With 1 in 5 Australians having a disability, disabilities either directly or indirectly affect a large portion of the population. However, our environment, particularly in dense cities, can still take steps to improve inclusivity and accessibility for everyone.


Shifting our mindsets


Firstly, changing the way we look at increasing inclusivity and accessibility needs to occur, as many of the practices currently focus on equipment and aid accessibility. While physical accessibility is crucial within a city environment, time should also be spent understanding the need to improve everyone’s inclusivity, such as those with non-physical disabilities.


When the needs of everyone are in mind when developing cities, it has the potential to provide opportunities for all. This increase in opportunities can provide a better quality of life, economic growth and improved socialisation. However, there is no one size fits all approach when thinking about developing an environment that promotes inclusivity and accessibility. Nonetheless, there are general strategies in which cities can adopt to increase their levels of accessibility over time. Some of these strategies are outlined below.


Increased greenery


Several environmental factors can be addressed to increase the level of wellbeing amongst the individuals within the community. One is simply increasing the level of plant life and greenery within a community, as research demonstrates the link between exposure to nature and improved wellbeing. In practice, some cities have begun to implement this strategy by including additional vegetation within high traffic areas and providing increased accessibility to parks and nature walks.


Addressing the noise of a city


Similarly, issues such as noise pollution can also affect the level of accessibility to public spaces.

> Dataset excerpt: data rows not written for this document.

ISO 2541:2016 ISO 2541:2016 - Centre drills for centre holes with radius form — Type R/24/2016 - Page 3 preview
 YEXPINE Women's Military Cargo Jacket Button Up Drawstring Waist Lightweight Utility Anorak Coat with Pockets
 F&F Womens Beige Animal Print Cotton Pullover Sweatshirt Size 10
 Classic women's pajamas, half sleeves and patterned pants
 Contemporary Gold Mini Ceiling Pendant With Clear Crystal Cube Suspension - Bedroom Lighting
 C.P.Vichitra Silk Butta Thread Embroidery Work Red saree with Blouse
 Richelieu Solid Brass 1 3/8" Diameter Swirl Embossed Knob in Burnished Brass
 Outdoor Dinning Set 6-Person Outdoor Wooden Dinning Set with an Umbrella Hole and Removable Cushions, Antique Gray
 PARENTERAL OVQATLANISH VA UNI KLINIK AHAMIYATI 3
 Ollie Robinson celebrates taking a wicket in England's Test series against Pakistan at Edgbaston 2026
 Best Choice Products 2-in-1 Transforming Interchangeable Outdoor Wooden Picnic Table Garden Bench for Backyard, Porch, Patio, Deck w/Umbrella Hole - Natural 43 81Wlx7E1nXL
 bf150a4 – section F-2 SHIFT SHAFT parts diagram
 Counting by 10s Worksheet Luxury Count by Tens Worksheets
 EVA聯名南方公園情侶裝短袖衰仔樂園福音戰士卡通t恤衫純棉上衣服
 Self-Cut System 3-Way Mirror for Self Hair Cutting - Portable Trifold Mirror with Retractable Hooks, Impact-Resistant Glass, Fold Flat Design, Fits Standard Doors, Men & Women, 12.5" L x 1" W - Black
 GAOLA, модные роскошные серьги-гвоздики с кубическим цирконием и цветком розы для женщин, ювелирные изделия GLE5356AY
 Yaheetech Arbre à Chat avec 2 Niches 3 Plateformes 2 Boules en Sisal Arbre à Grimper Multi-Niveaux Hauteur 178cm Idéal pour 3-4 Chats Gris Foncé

For example, for those who have noise sensitivities, a large city’s sound can have a negative impact on their wellbeing. Thus, several countries have begun to combat this environmental issue and minimise noise pollution. Dense areas of plant life and greenery, as well as solid barriers, can significantly reduce highway noise due to vegetation absorbing more of the sound.


Moreover, certain supermarkets have recently begun to offer ‘quiet hours’ to those who may find low-sensory shopping a more enjoyable experience. Early reports have shown the rollout of this practice to be successful in making their stores more accessible and inclusive.


As you can see, accessibility and inclusivity take on many forms, and there is no singular recipe to ensure all people within all communities feel safe and included. However, through community consultation and planning, which aims to increase sustainability, safety, and inclusivity, we can continue to make a tangible difference to our population’s level of wellbeing.